# Task instructions
I'd like the entries repeated exactly, pictures omitted.

# Data provided
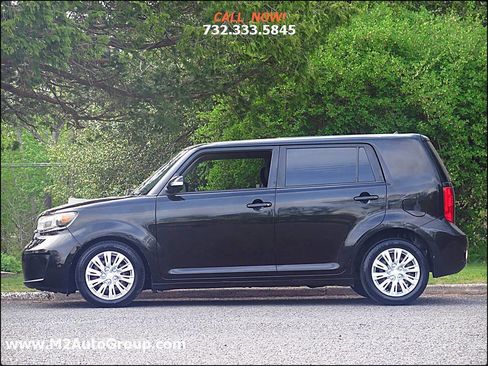 Used 2009 Scion xB image 2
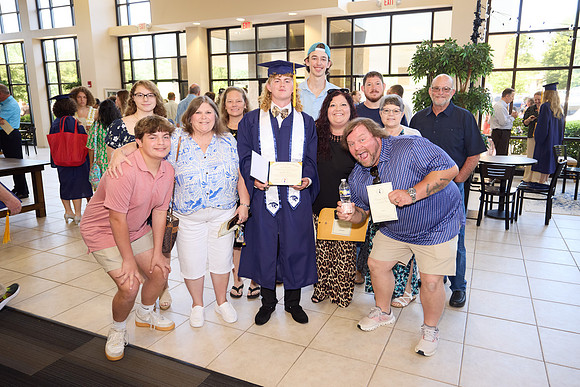 20250607scaihs-graduation-hc310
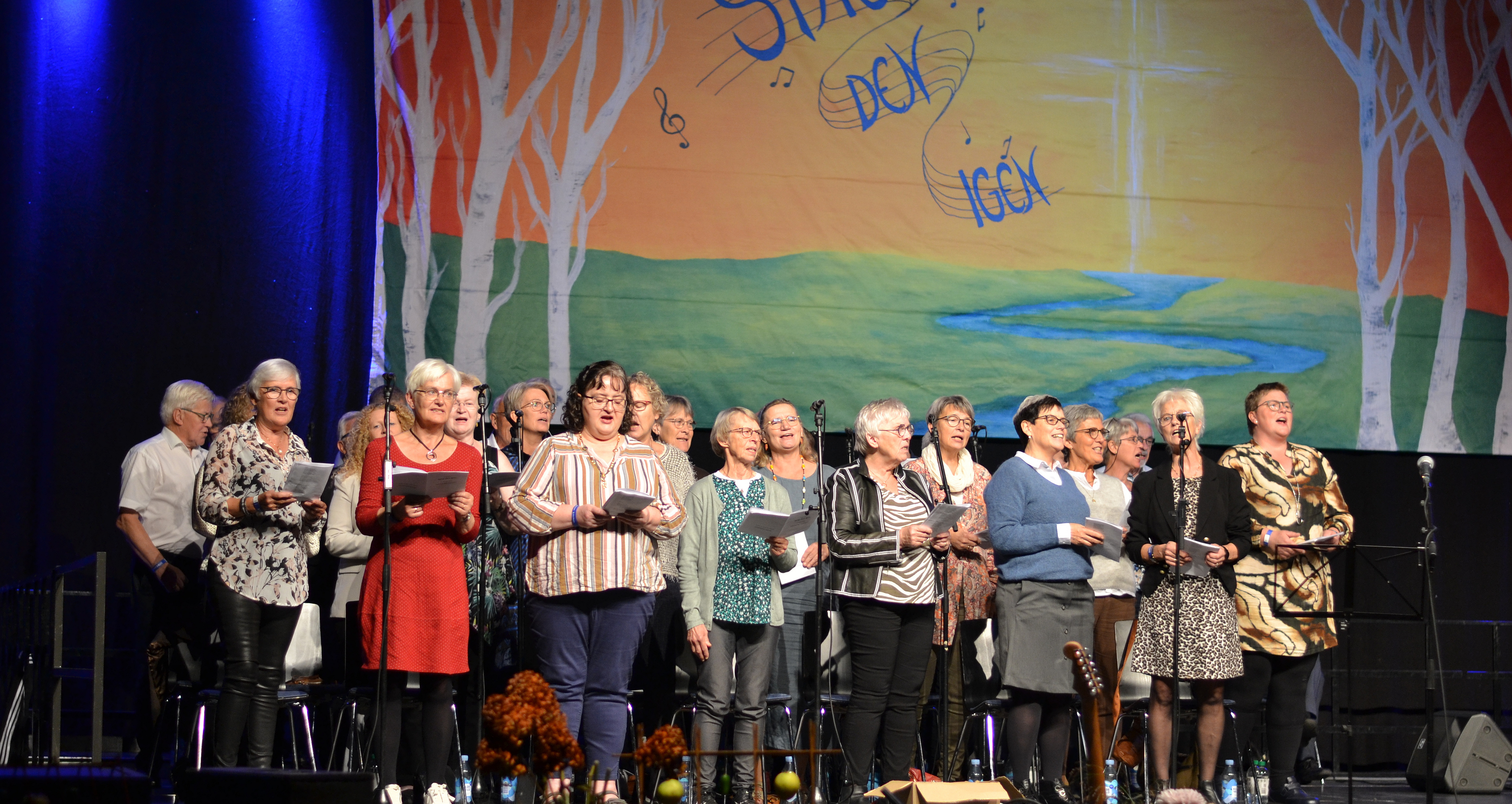 Lovsang, andagt og vidnesbyrd gik hånd i hånd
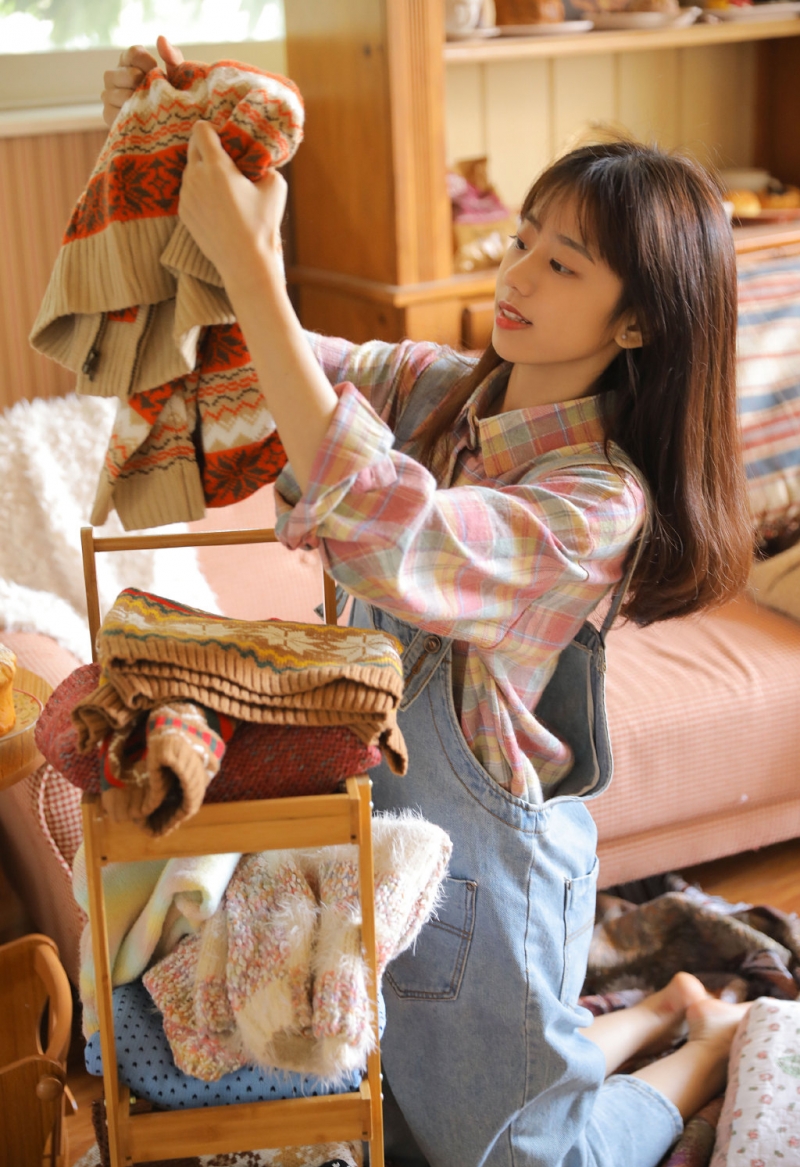 漂亮小姐姐牛仔背带裤居家写真  第1张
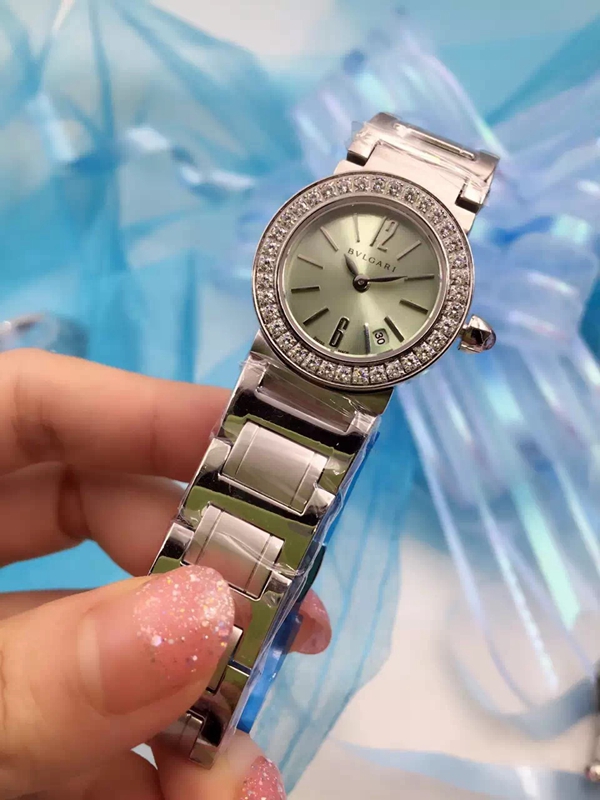 ブルガリ時計正面デザイン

# Completed task
 Used 2009 Scion xB image 2
 20250607scaihs-graduation-hc310
 Lovsang, andagt og vidnesbyrd gik hånd i hånd
 漂亮小姐姐牛仔背带裤居家写真  第1张
 ブルガリ時計正面デザイン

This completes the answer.